__Task description__
Transcribe the records below exactly as they appear.

__Provided entries__
--- START ---

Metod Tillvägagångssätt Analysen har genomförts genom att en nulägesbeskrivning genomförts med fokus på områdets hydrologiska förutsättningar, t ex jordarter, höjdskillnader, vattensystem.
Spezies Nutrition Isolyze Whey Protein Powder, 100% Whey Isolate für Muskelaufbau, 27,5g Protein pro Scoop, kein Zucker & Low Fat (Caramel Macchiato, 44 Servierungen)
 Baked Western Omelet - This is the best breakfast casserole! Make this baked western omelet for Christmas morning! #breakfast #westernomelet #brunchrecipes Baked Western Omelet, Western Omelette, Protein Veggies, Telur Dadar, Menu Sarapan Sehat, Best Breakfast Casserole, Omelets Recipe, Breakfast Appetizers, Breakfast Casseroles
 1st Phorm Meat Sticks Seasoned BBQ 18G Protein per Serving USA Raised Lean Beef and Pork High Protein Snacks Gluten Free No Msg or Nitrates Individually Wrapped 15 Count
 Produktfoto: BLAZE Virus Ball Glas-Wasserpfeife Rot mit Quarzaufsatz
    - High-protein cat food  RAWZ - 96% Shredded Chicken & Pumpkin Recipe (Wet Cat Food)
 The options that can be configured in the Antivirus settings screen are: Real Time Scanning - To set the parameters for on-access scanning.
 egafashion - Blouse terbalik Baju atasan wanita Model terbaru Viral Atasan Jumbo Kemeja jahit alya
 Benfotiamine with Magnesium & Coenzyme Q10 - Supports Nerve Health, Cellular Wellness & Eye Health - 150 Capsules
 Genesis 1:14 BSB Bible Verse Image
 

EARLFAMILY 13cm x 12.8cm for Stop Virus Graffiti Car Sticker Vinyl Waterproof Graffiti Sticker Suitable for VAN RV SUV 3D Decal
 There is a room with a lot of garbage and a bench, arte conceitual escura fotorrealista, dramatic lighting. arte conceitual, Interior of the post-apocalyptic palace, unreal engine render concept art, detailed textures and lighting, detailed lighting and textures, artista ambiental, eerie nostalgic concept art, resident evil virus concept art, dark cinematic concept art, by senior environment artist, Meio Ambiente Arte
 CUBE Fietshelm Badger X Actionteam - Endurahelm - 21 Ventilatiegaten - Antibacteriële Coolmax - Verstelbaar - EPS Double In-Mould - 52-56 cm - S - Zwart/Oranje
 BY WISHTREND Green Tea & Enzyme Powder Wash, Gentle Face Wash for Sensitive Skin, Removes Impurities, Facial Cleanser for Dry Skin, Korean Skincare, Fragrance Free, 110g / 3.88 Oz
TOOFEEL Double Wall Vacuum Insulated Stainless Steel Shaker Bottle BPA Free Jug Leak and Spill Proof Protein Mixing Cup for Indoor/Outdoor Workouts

--- END ---

__Response__
Metod Tillvägagångssätt Analysen har genomförts genom att en nulägesbeskrivning genomförts med fokus på områdets hydrologiska förutsättningar, t ex jordarter, höjdskillnader, vattensystem.
Spezies Nutrition Isolyze Whey Protein Powder, 100% Whey Isolate für Muskelaufbau, 27,5g Protein pro Scoop, kein Zucker & Low Fat (Caramel Macchiato, 44 Servierungen)
 Baked Western Omelet - This is the best breakfast casserole! Make this baked western omelet for Christmas morning! #breakfast #westernomelet #brunchrecipes Baked Western Omelet, Western Omelette, Protein Veggies, Telur Dadar, Menu Sarapan Sehat, Best Breakfast Casserole, Omelets Recipe, Breakfast Appetizers, Breakfast Casseroles
 1st Phorm Meat Sticks Seasoned BBQ 18G Protein per Serving USA Raised Lean Beef and Pork High Protein Snacks Gluten Free No Msg or Nitrates Individually Wrapped 15 Count
 Produktfoto: BLAZE Virus Ball Glas-Wasserpfeife Rot mit Quarzaufsatz
    - High-protein cat food  RAWZ - 96% Shredded Chicken & Pumpkin Recipe (Wet Cat Food)
 The options that can be configured in the Antivirus settings screen are: Real Time Scanning - To set the parameters for on-access scanning.
 egafashion - Blouse terbalik Baju atasan wanita Model terbaru Viral Atasan Jumbo Kemeja jahit alya
 Benfotiamine with Magnesium & Coenzyme Q10 - Supports Nerve Health, Cellular Wellness & Eye Health - 150 Capsules
 Genesis 1:14 BSB Bible Verse Image
 

EARLFAMILY 13cm x 12.8cm for Stop Virus Graffiti Car Sticker Vinyl Waterproof Graffiti Sticker Suitable for VAN RV SUV 3D Decal
 There is a room with a lot of garbage and a bench, arte conceitual escura fotorrealista, dramatic lighting. arte conceitual, Interior of the post-apocalyptic palace, unreal engine render concept art, detailed textures and lighting, detailed lighting and textures, artista ambiental, eerie nostalgic concept art, resident evil virus concept art, dark cinematic concept art, by senior environment artist, Meio Ambiente Arte
 CUBE Fietshelm Badger X Actionteam - Endurahelm - 21 Ventilatiegaten - Antibacteriële Coolmax - Verstelbaar - EPS Double In-Mould - 52-56 cm - S - Zwart/Oranje
 BY WISHTREND Green Tea & Enzyme Powder Wash, Gentle Face Wash for Sensitive Skin, Removes Impurities, Facial Cleanser for Dry Skin, Korean Skincare, Fragrance Free, 110g / 3.88 Oz
TOOFEEL Double Wall Vacuum Insulated Stainless Steel Shaker Bottle BPA Free Jug Leak and Spill Proof Protein Mixing Cup for Indoor/Outdoor Workouts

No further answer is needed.